Le président de la Ligue tunisienne des droits de l'homme, Me
Abdessatar Ben Moussa rendra compte vendredi d'une enquête menée à
Sejnane. Mais déjà, il fait état de l'absence de toute police et de tout
pouvoir dans cette région complètement démunie. Sejnane est-elle un
isolat hors République ?
Situation 3. Il y aura encore moins d'ordre entre mardi et
mercredi après l'avertissement d'une grève des brigades d'intervention
qui ont appelé à monter de tout le pays pour se rassembler devant le
ministère de l'intérieur. Ces forces de l'ordre protestent contre le
limogeage de leur chef, le colonel Moncef Laajimi qui serait incriminé
dans la répression de la révolution.
Cette information a été corrigée mais de manière si ambiguë qu'elle n'a
pas découragé la protestation. L'imbroglio s'épaissit à la lecture du
démenti des syndicats des forces de sécurité. L'opinion publique est
très troublée. Trop de remue-ménage du côté des forces de l'ordre
insécurise les citoyens. Et si d'aventure, dans ce vrai-faux retrait
protestataire des brigades de l'ordre public, il était survenu un
incident grave, qui aurait rétablit l'ordre ? L'armée ?

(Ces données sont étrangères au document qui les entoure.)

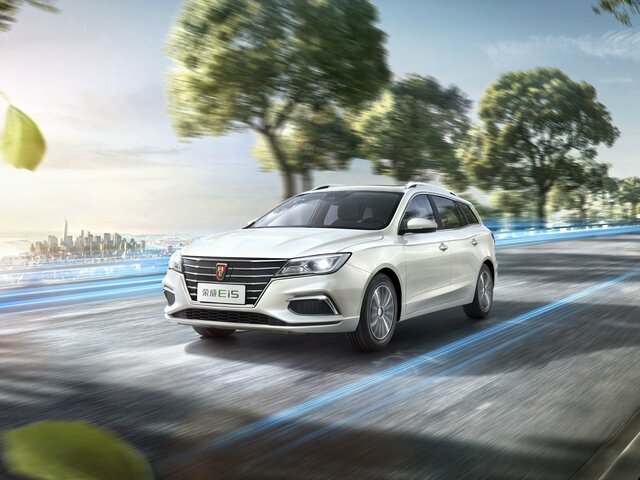 Roewe i5 1 поколение, Универсал 5 дв. Ei5 - технические характеристики ...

Situation 4. Ammar Gharsallah, le chômeur de Gafsa qui s'était
immolé par le feu le jour même de la visite de trois ministres censés
apporter une solution aux affres du bassin minier, est mort de ses
brûlures. À quelques jours de l'anniversaire de la révolution, ce
suicide résonne comme une sinistre répétition et la Tunisie semble
devenir la terre des immolations.
Aucun signe fort venu de la nouvelle gouvernance, aucune annonce
concrète de projet d'embauches convaincantes ne vient éteindre les
foyers de tension qui se ravivent d'un endroit à l'autre. Et les caisses
de l'État sont vides !
Voilà une journée de désordre ordinaire tandis que responsables et élus
s'agitent dans des gesticulations stériles. Un an après la révolution,
le pays silencieux est aussi anxieux que perplexe, et même pour les plus
optimistes des révolutionnaires il y a de l'inquiétude dans l'air.